OAKLAND -- A second meeting to educate the public about adding sound walls to the freeway in Rockridge will be held Jan. 17.
The sound wall process is just getting under way, with the city planning a study to find out if the walls are needed at all along the busy stretch of Highway 24.
"I definitely think people who have opinions on whether we should have sound walls or not would benefit from coming to the meeting," said Victoria Eisen, a consultant for the city.
The meeting comes at the start of a one-year period during which certain properties close to the highway will have a chance to sign a petition for whether the city should release funding for the studies.
The sections under discussion are eastbound between Vicente Way and Broadway Avenue and westbound between Ross Street and Telegraph Avenue.
A preliminary look done in 2009 by Wilson, Ihrig and Associates, an Oakland-based acoustical consulting firm, found these areas that might be eligible for sound walls. But a new study for each area is a necessary first step before Oakland can apply for funding to build the walls.
"They're the next step," Eisen said.
The city will pay for the study with money it received from the state as part of a settlement over the construction of another tunnel for Highway 24, known as the Caldecott Tunnel fourth bore. The agreement provided $8 million for neighborhood projects, including sound wall studies.
The money won't cover construction -- which comes from Caltrans, the state agency responsible for planning, building and maintaining highways, bridges and rail lines -- and is administered by to the Alameda County Transit Commission.
A total of 135 properties have been identified that will be affected by the sound walls enough to get a five-decibel sound reduction. Two thirds of them will have to sign the petition in order for the city to go ahead with the study.
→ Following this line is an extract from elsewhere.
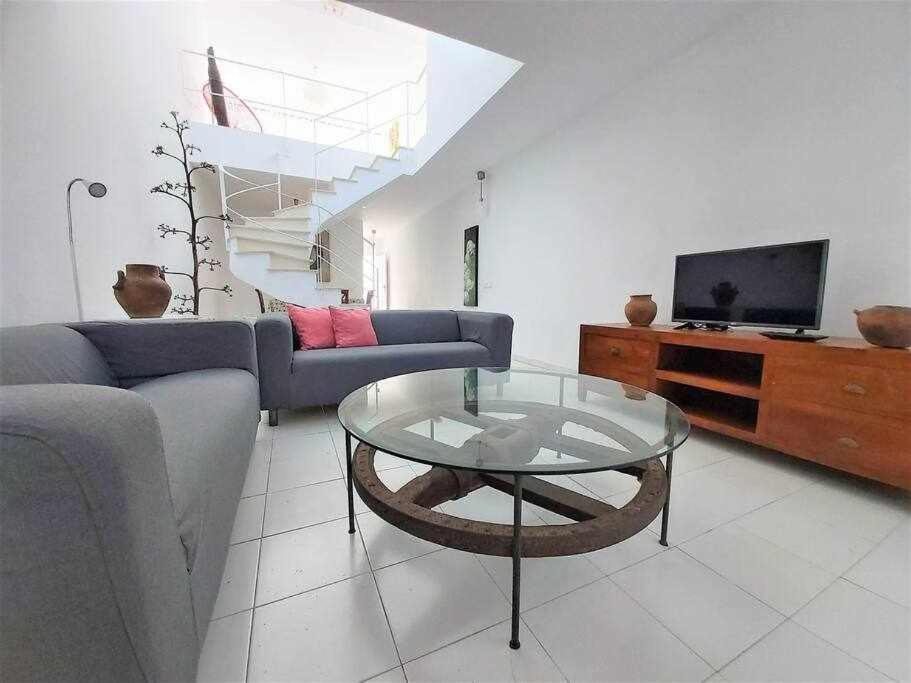 Vila Brisa Marina House By The Sea Corralejo Exteriér fotografie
At the meeting, which is sponsored by the Rockridge Community Planning Council, Eisen will be joined by Wladimir Wlassowsky, the transportation services division manager at the city's public works agency.
"We're just going over why there is potential funding for sound wall studies," Eisen said.
The sound wall presentation will be followed by a talk on the city's past by Oakland Tribune history columnist Annalee Allen and Beth Bagwell, author of "Oakland: The Story of a City."
What: Second meeting to educate the public about adding sound walls to Highway 24
Where: Rockridge Branch Library, 5366 College Ave.